Summer’s Almost Gone

But that did not prevent it from being a hundred degrees for nearly a week in SoCal.

And it’s hard not to think about global warming/climate change, but what struck me so much was how early it got dark and how hot it was at the same time. As if the seasons were changing but someone was asleep at the wheel.

The thing about summer is it only lasts two months in Southern California, July and August. June is too foggy and cool. On the east coast exuberance reigns and everybody wrings out every ounce of hot weather before the leaves turn. But even though it’s oftentimes hot in early September, not so hot this late though, we in SoCal adhere to the fiction that life changes with the opening of school, vacation is over, we all must become more serious.
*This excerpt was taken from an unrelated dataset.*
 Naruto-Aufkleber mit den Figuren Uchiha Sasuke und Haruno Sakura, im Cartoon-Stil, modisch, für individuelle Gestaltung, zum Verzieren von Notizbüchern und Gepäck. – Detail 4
But live long enough and you start to disconnect from the education paradigm. You have no desire to go back to school, achievement is no longer paramount, and you slow down and observe the little things that have been there all the while, but you never seemed to notice.

The way the sun is orange in your rearview mirror. I was driving downtown to eat Mexican with Dawes and to the left of me is mountains, behind me is a radiant orb, and even though the thermometer is in triple digits, I don’t always need the air conditioning. Because with the angle of the sun lowering, hot just doesn’t feel so hot.
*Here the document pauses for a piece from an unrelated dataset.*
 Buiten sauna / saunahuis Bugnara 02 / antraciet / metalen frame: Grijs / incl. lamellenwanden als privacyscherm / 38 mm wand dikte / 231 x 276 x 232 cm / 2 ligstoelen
I know that sounds ridiculous. But so much of life cannot be articulated, only felt. Even though we have words, it’s astounding we can even communicate. We’re ruled by feelings. And we can be anxious or thrilled but sometimes we’re just in the sweet spot, when everything feels all right.
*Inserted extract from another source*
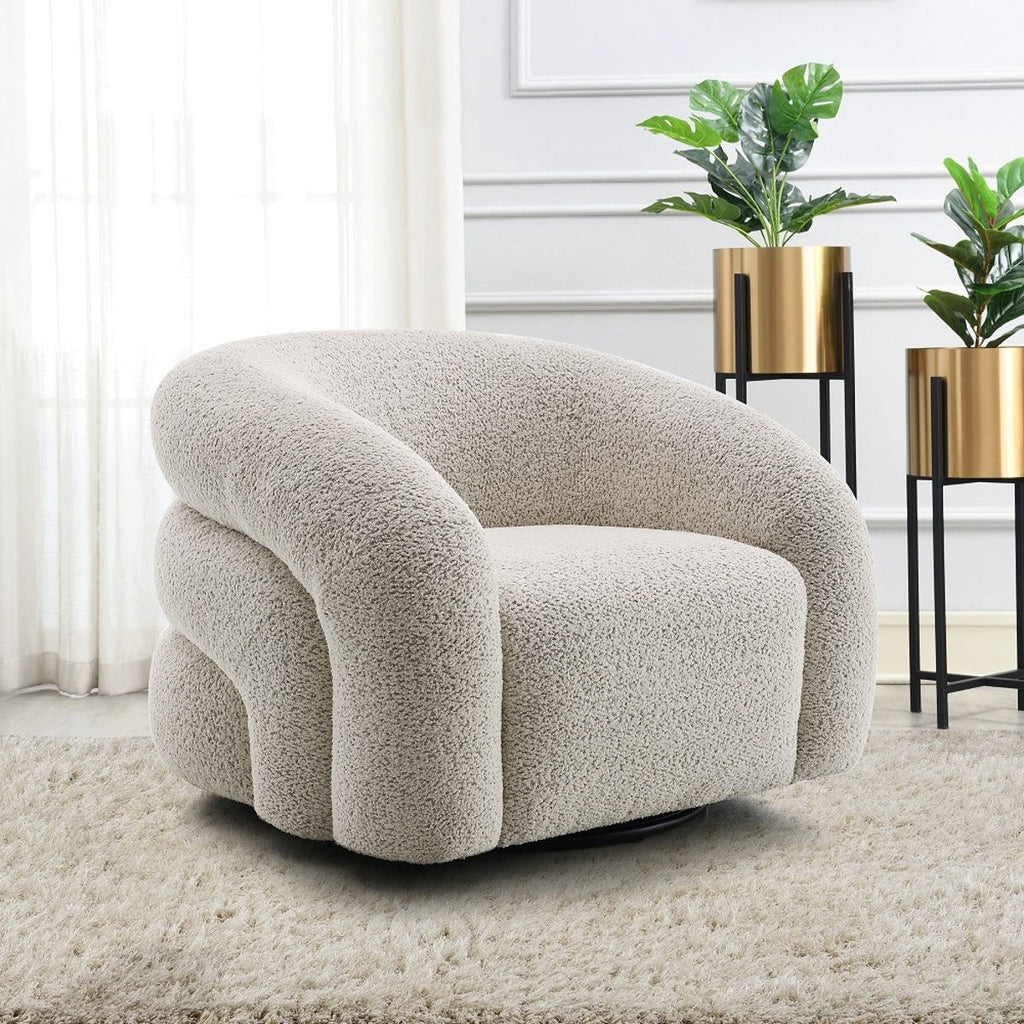 Irma - Chair With Swivel - Gray Boucle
The songs sound better on the radio. You decipher lyrics you’ve been mystified by for decades. You gain new insight into your favorites. It’s like nature is offering its rewards up only to you. In the cocoon of your mind. And you’re stunned that you’ve never felt this way before, and won’t always be able to feel this way in the future.

As Don Henley sings, we’ve only got so many summers and so many springs. And life becomes more about missed opportunities than future successes. You make peace with yourself, who you are, know that soon you will be dust, it happens to us all, and as much as you’re caught up in the rat race, it’s an irrelevant league that can be ignored, just like baseball or football, no matter how much each of them is in the news.

This weather won’t last forever. Unlike most of the country, it’ll never get cold in SoCal. But the leaves will change, you’ll need a jacket, even if there’s no nip in the air. You’ll start to yearn for spring, for the longer days more than the warmth, the feeling of rebirth.

But right now we exist out here in a curious limbo. One in which the heat tells us we’re at the apex of the summer season, but the light tells us otherwise. It’s like going on your last date with the significant other you agreed to break up with, or the one shuffling off to college. It’s bittersweet.